We would like to take this moment to formally welcome you to the Global Association of Divers for the Written Extension of Shorelines—Bivalvic Allegiance Division—and look forward to your continued involvement.


Kind Regards,
    
Therese Keogh
[official G.A.D.W.E.S. clerk]











GLOSSARY



B.A.D. 
The Bivalvic Allegiance Division is the newest collective established by G.A.D.W.E.S. Together, members work with bivalve communities to develop narrative relationships between the digestive tracts of bivalves, and large-scale shoreline development.


Bivalvic
Referring to the set of embodied and material conditions created by both individual bivalves, and bivalve communities.

   
Coast
Coasts describe an area of land adjoining a sea or ocean. Such adjoining is dynamic and changeable. The term coast also describes a mode of physical, material, or figurative travel, referring to a sense of smoothness and ease that is felt.

                 
Diving
Although generally understood as either swimming with a breathing apparatus, or throwing one’s body elegantly from above to beneath the water’s surface, here ‘diving’ is used as a term for an embodied practice of being in water. This can include activities like; floating, wading, sitting, swimming, and splashing about.


Dredge
A method of changing water depths by removing material from sea-/river-/lake-beds.


G.A.D.W.E.S.
The Global Association of Divers for the Written Extension of Shorelines is a fictional network of storytellers invested in the collective narration of littoral zones.

Sediment
The particulate matter that settles into position at the bottom of water bodies, or becomes suspended in the water column as a result of movement.

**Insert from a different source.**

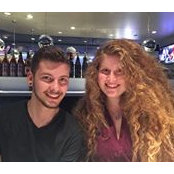 Alan Loughridge's photo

Sediment likewise moves through, and rests in, air and ice. Sediment shifts between the granular and the formed, reimagining scales between land and matter. Sediment is multiple.


Shoreline    
Unlike ‘coast’, shorelines refer to the places in which land and water meet. This ‘line’ is thick and energetic, moving with tides, erosion, currents, and weather.


              
Writing
Writing is the inscription of language, and the practice of such inscription. This can take the shape of words on paper or linguistic communions of matter. Writing assembles and communicates relations. Writing is written in arrangements of power. Writing plays with encounters between narrative and text, between image and earth, between temporal marks and flickers of energy.